House of Commons Hansard #59 of the 41st Parliament, 1st Session. (The original version is on Parliament's site.) The word of the day was amendments.

Topics

Safe Streets and Communities Act
Government Orders

1 p.m.

NDP

Françoise Boivin Gatineau, QC

Mr. Speaker, I listened carefully to the Chief Government Whip's speech.

I would have liked to examine only the youth criminal justice system, but when we study a bill that amends nine laws, we cannot choose. It is a package deal.

When listening to the member opposite, I had even more difficulty understanding why the government did not accept the amendment proposed by Quebec and tabled in committee by the NDP on the long-term protection of the public. Since the hon. member spoke extensively about rehabilitation and public protection, what is the problem with the word “long-term”? In addition, the burden of proof is being shifted from the judge to the Crown. I would like to know what the problem was with judges in the previous program.

Safe Streets and Communities Act
Government Orders

1:05 p.m.

Conservative

Gordon O'Connor Carleton—Mississippi Mills, ON

Mr. Speaker, through all of the parts of Bill C-10, we have striven to find balance in everything, balance between rehabilitation and balance with punishment. Various areas of the previous bill had gaps that needed correction and we have proposed changes to the bill. We will have the final vote in the House of Commons on Monday.

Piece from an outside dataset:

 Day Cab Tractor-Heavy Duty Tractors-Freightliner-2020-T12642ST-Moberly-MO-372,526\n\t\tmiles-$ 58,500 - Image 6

We have heard hundreds of hours of comments on these bills, even going back to the last Parliament, and no matter how many times people talk about having a chance to speak to the bill again, there have been no new ideas. We have heard the ideas and they have been resolved and the government is committed to the course that it has taken.

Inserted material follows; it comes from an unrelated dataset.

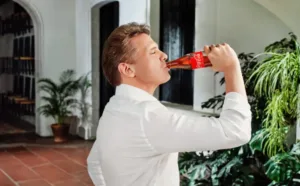 Luis Miguel reaparece en un anuncio de Coca-Cola tras semanas alejado de los reflectores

Safe Streets and Communities Act
Government Orders

1:05 p.m.

Liberal

Kevin Lamoureux Winnipeg North, MB

Mr. Speaker, I beg to differ with the government whip. He said that the government has heard no new ideas. The member for Mount Royal, on behalf of the Liberal Party, introduced specific amendments, some of which dealt with the justice for victims and terrorism portion of the act. The government decided to vote against those amendments so they did not get passed at committee stage. At report stage, the government tried to make those very same amendments that the member for Mount Royal tried to get passed in committee, but the government found that it was outside of procedure. The government whip likely should have known that.

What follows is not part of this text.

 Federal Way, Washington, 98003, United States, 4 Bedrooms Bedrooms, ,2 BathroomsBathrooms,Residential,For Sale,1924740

I have a question for the government whip, who sits on the House leaders' working group. When does the government anticipate bringing in those original Liberal amendments that were proposed at committee stage? Does the government have any intention of passing Bill C-10 without making the amendments that the member for Mount Royal first suggested? We believe the government has now conceded that the Liberal Party was right.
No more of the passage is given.